▸ PROVIDED INFORMATION:

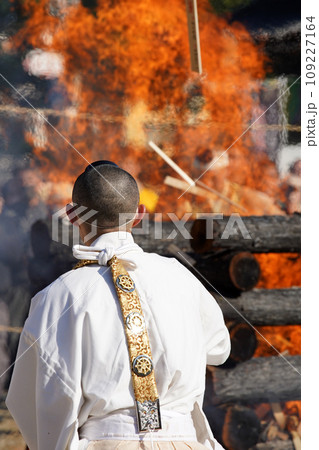 護摩焚き 109227164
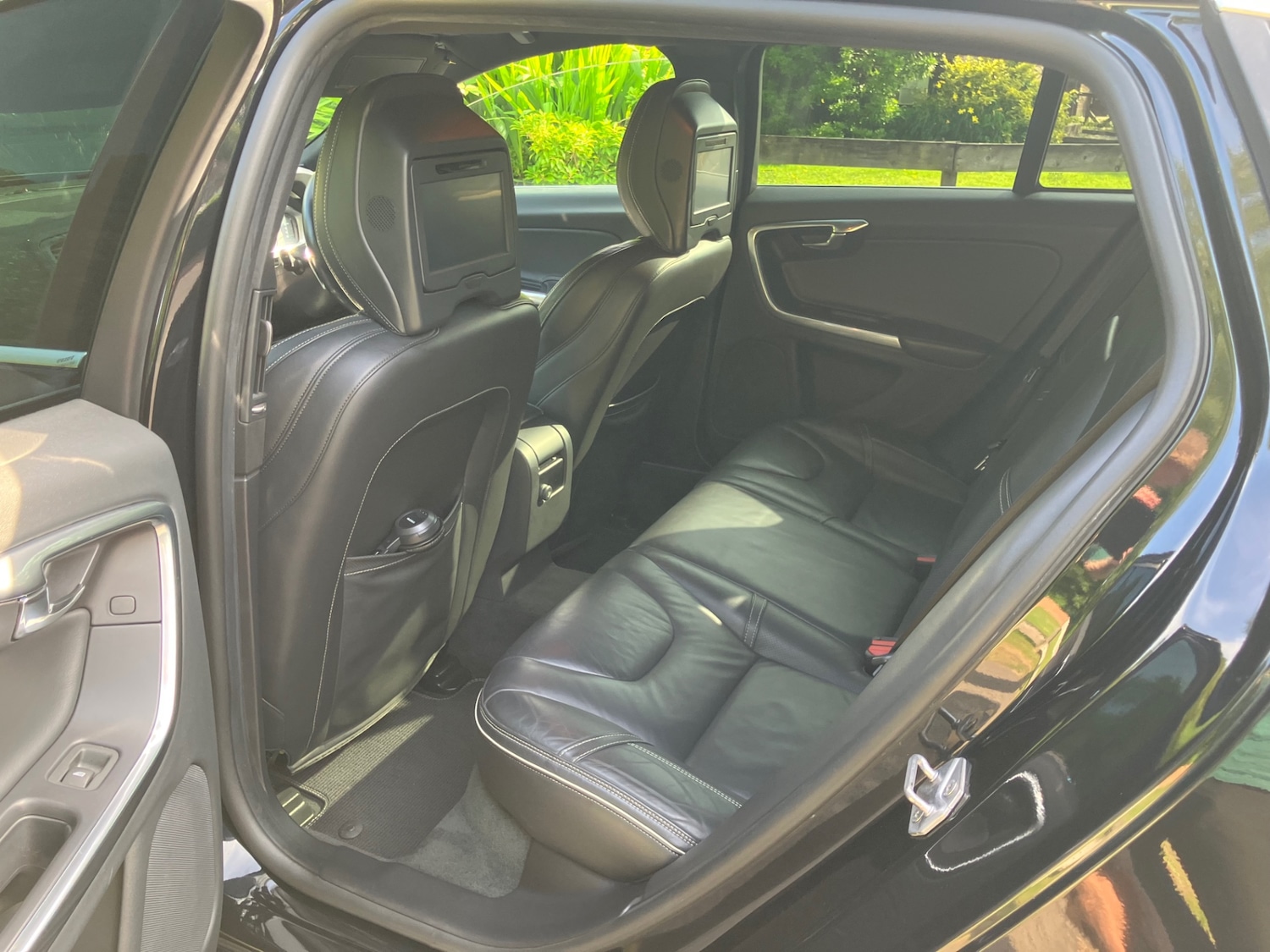 Used Volvo V60 2025 for sale - 76720512: Photo 14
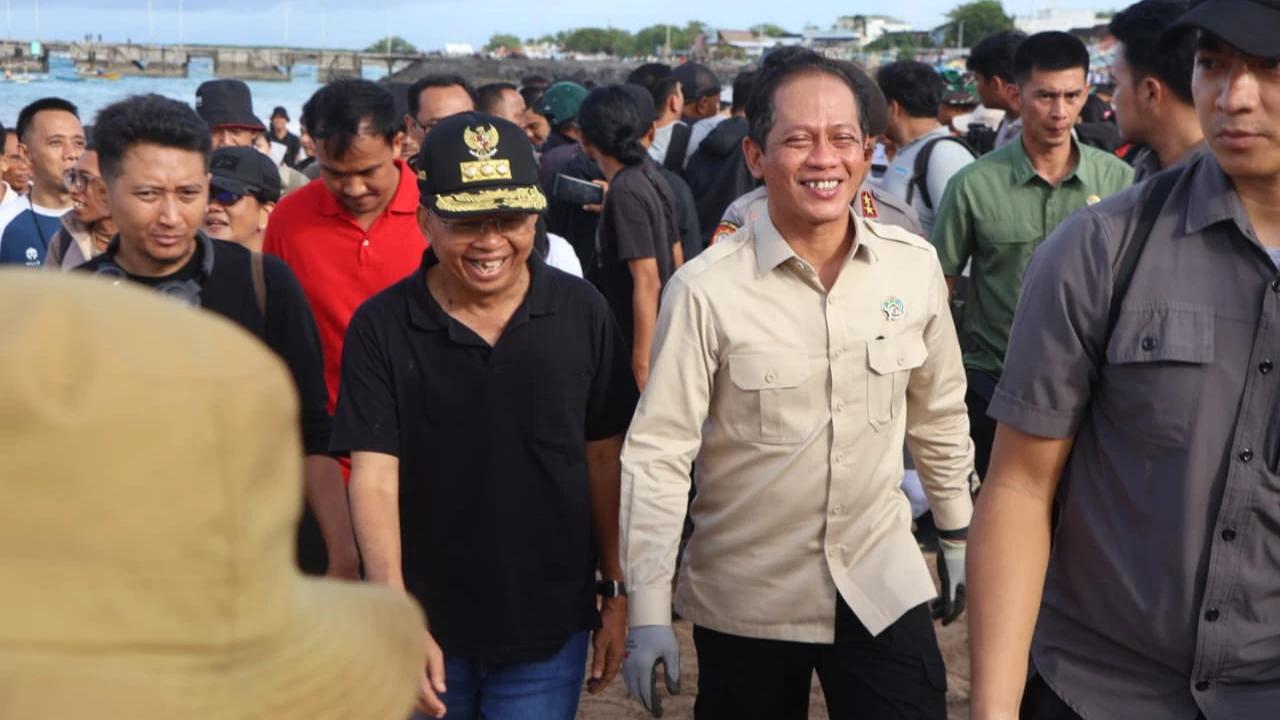 Gubernur Koster Minta Pemkab Badung Bentuk Satgas Sampah dan Jaga Pantai Setiap Hari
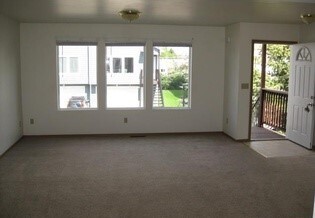 Building Photo - 1751 W Kagy Blvd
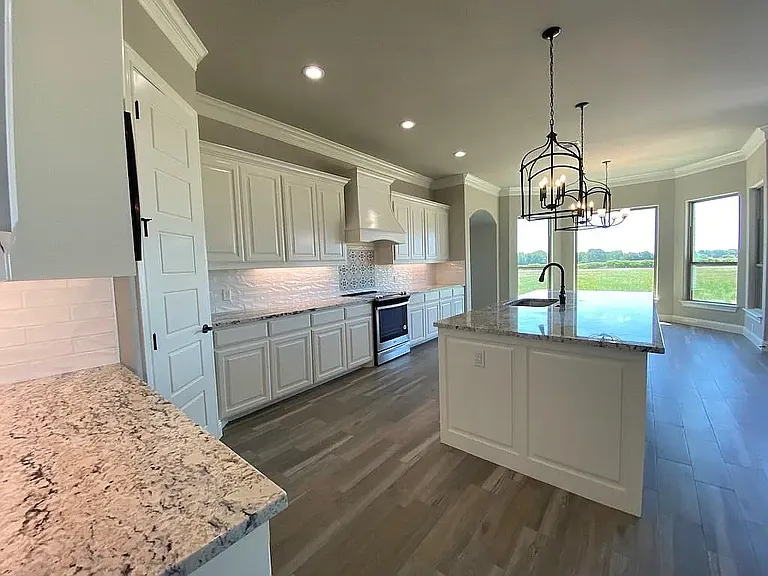 600 Lydia Ct — Photo 2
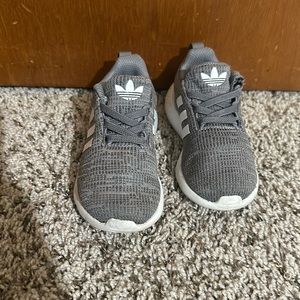 adidas Unisex-Child Swift Run 22 Sneaker toddler shoe size 8 classic gray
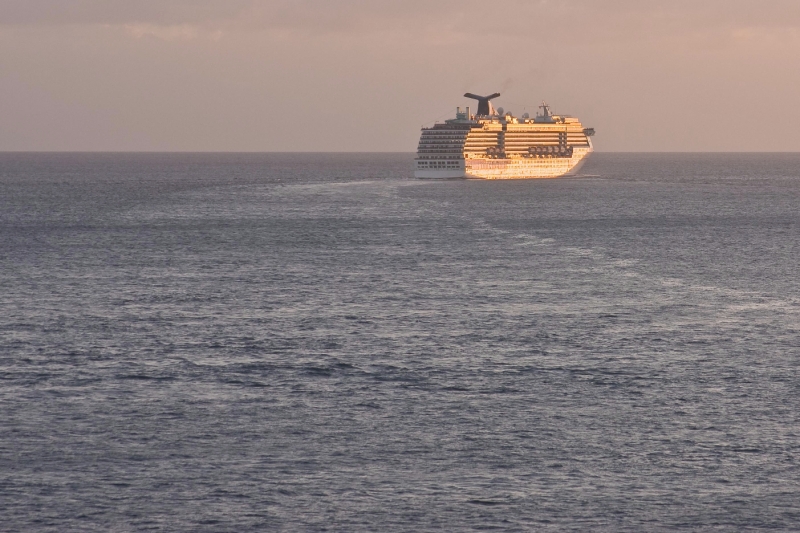 _MG_4229-127.jpg - Leaving St Maarten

▸ REQUIRED ACTION:
The answer should be the complete listing, set down exactly, without pictures.

▸ REPLY:
 護摩焚き 109227164
 Used Volvo V60 2025 for sale - 76720512: Photo 14
 Gubernur Koster Minta Pemkab Badung Bentuk Satgas Sampah dan Jaga Pantai Setiap Hari
 Building Photo - 1751 W Kagy Blvd
 600 Lydia Ct — Photo 2
 adidas Unisex-Child Swift Run 22 Sneaker toddler shoe size 8 classic gray
 _MG_4229-127.jpg - Leaving St Maarten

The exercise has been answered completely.